Spillover weakness from a late retreat in soyoil futures applied mild pressure to keep a lid on advances as well, traders added. Nevertheless, futures continue to find underlying support from a lack of aggressive selling, and ideas the market needs to hold prices firm to make sure soybeans won't loose too many acres in 2007, Hoops said.

 

Meanwhile, the DTN Meteorlogix Weather Service forecast said up to two inches of rain is forecast for the Iowa-Missouri border by the end of the week. Lesser amounts, about a quarter inch to an inch, are expected across the rest of Iowa and Missouri.

 

Farther east, up to an inch and a half of rain in northern Illinois and Indiana is expected as more scattered thundershowers pelt the area through the end of the week. The system will move east and south during the weekend, Meteorlogix forecasts.

 

On tap for Thursday, the Census Bureau is scheduled to release its February soybean crush report at 8 a.m.
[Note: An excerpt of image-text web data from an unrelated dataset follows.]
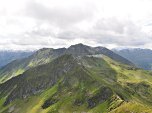 Kleiner Beil (2197 m) und Großer Beil im Süden (2309 m)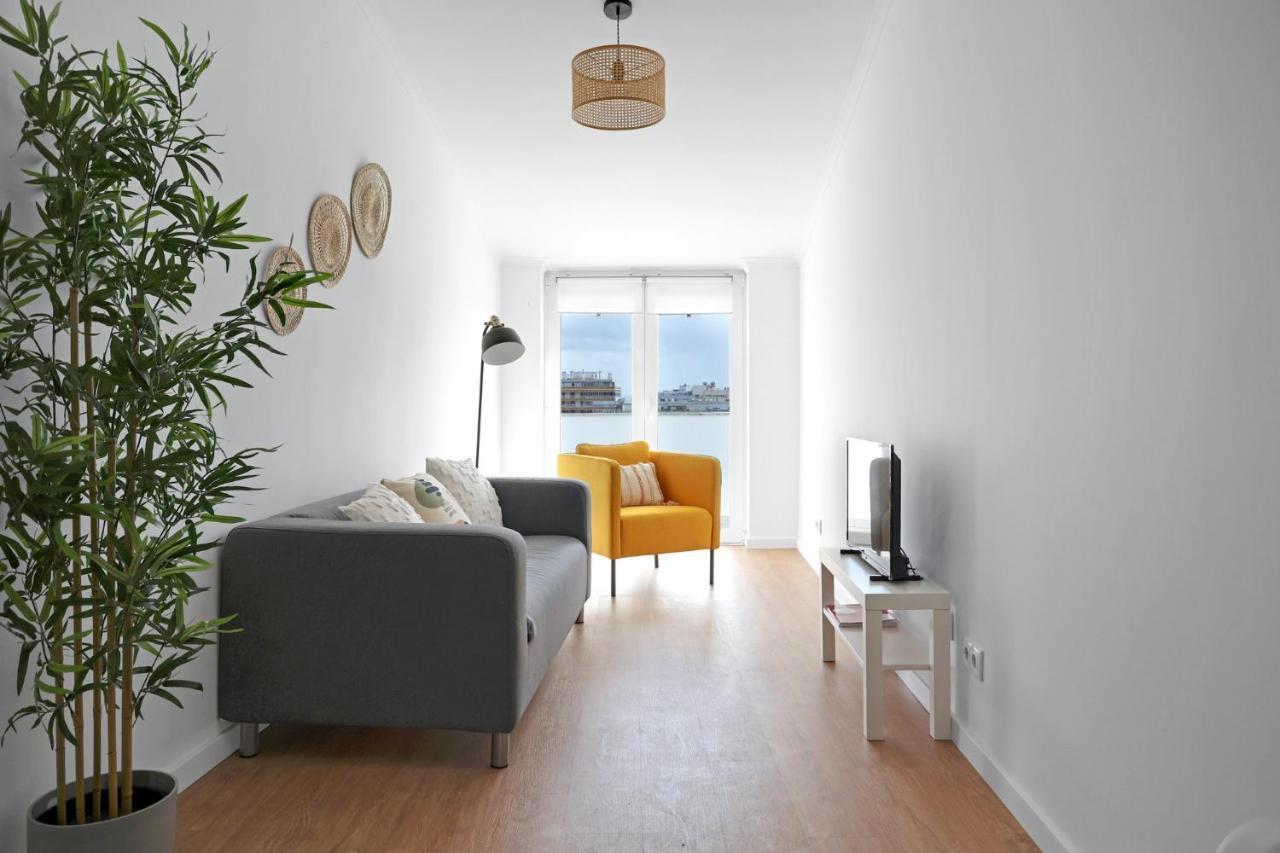 Sunny 2 Bedroom Apartment In Almada - Balconies With River View Esterno foto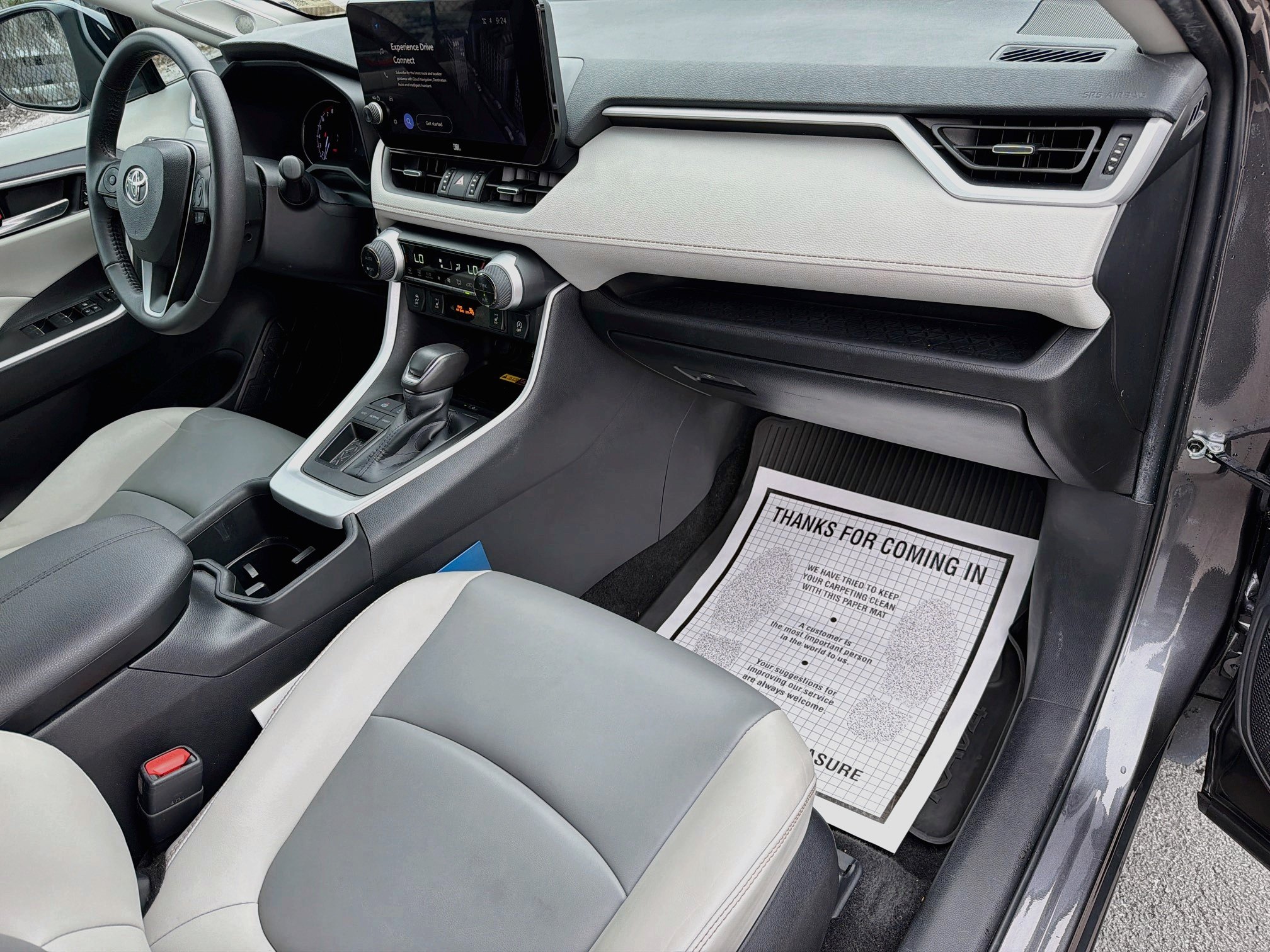 Used 2023 Toyota RAV4 XLE Premium FWD image 14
EDT (1200 GMT). The average of analyst estimates peg the crush at 137.9 million bushels, down from the January crush figure of 156.9 million bushels. Soyoil stocks are seen increasing to 3.217 billion pounds in the report, up from 3.155 billion the previous month. February soymeal stocks are seen declining to 356,000 short tonnes, down from the 393,374 reported for January.

 

U.S. Department of Agriculture is scheduled to release weekly export sales figures for the week ended March 15 at 7:30 a.m. CDT. Analysts surveyed by Dow Jones Newswires estimated sales would range from 350,000 to 550,000 metric tonnes. Soymeal commitments were estimated in a range of 75,000 to 125,000 tonnes and soyoil sales were estimated in a range of zero to 10,000 tonnes.

 

In pit trades, speculative fund buying is estimated at 2,000 lots. Rand Financial bought 800 May, with Fimat, Fortis and Man Financial each buyers of 200 May. Sellers were widely scattered among various commission houses, with JP Morgan a seller of 300 November and Calyon Financial a seller of 200 May.

 

 

SOY PRODUCTS

 

Soy product futures ended mixed, with soyoil stumbling lower on speculative profit taking. Active soyoil contracts made new highs for the month in early trade, but its inability to challenge contract highs encouraged selling and profit taking, Hoops said. A lot of the recent gains were technically driven, and futures had become a little overbought, Hoops added.

 

Soymeal futures ended higher, benefiting from soyoil/soymeal spread unwinding, technical strength and spillover support from soybeans.

 

May oil share ended at 41.16% and the May crush ended at 65 1/4 cents.

 

In soymeal trades, speculative funds were net buyers on the day. Buying was scattered among various commission houses. Bunge Chicago sold 400 May, Rand Financial sold 200 July and Rosenthal sold 200 May.

 

In soyoil trades, Rand Financial bought 2,000 May, Fimat bought 300 May, and Bunge Chicago bought 200 May. Bunge Chicago sold 400 May and 400 July, JP Morgan sold 300 May and 200 July, Fimat and Rand Financial each sold 400 May. Speculative fund buying was estimated at 2,500 contracts.